The apparatus and all of its parts may be manufactured from a variety of materials including but not limited to plastics, metals, woods, composites, various rubber materials, leathers, or any other material capable of withstanding the forces placed thereupon. In a preferred embodiment, all of the components of the apparatus with the exception of the absorber pads are composed of steel. In a preferred embodiment, the bow absorber pad and the stern absorber pad are composed of rubber. Alternative embodiments of the material of the absorber pads include but are not limited to plastic, wood, or any other similar flexible material.
Numerous other objects, features and advantages of the invention should now become apparent upon a reading of the following detailed description taken in conjunction with the accompanying drawings, in which:
Referring now to the drawings, there is shown in
The drawings show the apparatus comprising, in a preferred embodiment, a bow mounting section 12, a bow shaft section 112, a bow absorber pad 132, a stern mounting plate 138, a stern shaft section 164, a stern absorber pad 166, a bow stand 168, and a stern stand 174. The bow mounting section 12 and the bow shaft section 112 are conjoined with the bow absorbing pad 132 sandwiched therebetween. The bow shaft section 112 rotatably mounts with the bow stand 168. The stern section similarly interconnects with the aforesaid stern section components. That is, the stern mounting plate 138 and the stern shaft section 164 are conjoined with the stern absorbing pad 166 sandwiched therebetween. Also, the stern shaft section 164 rotatably mounts with the stern stand 174. Preferably, the stern stand 174 rotational axis is of substantially equivalent height to the bow stand 168 rotational axis with both stands having pivoting wheels or castors 172 at the base to provide translational movement.

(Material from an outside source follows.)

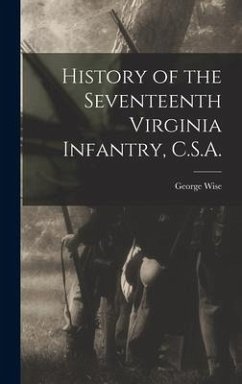 History of the Seventeenth Virginia Infantry, C.S.A. - Wise, George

In a preferred embodiment, the bow mounting section 12 is comprised of a top mounting or clamping plate 14, a front plate 30, a bottom mounting plate 42, two deep spacers 62, three shallow spacers 68, a clamping section 74, a bow base plate 102, and five bow bolts and nuts 110. The top mounting plate 14 is generally rectangular and substantially flat with unique edge variations. Said plate 14 comprises a bow edge 16, a front edge 20, two side edges 22, an exterior side 24, an interior side 26, and six top mounting plate holes 28. In a preferred embodiment, the bow edge 16 is generally U-shaped to correspond to the shape of at least a portion of the bow of a personal watercraft, with the bottom or base of the “U” oriented towards or closest to the opposite front edge 20. Alternative embodiments include any configuration of the bow edge 16 which is required or useful to fit the bow of a personal watercraft. In another alternative embodiment, the bow edge 16 can have an attached section 18 located in or near the center and having an integral hole. Said integral hole corresponds to a hole in the center of the bow rim of some watercraft and can facilitate attaching the bow mounting section 12 to those watercraft by inserting a bolt, pin, tube, or other fastener through the holes in each. Said fastener could also be integrally attached with said integral hole in an alternative embodiment. In operation, the five bow bolts 110 are inserted into the top mounting plate holes 28 and are used to facilitate the clamping of the bow rim of a watercraft.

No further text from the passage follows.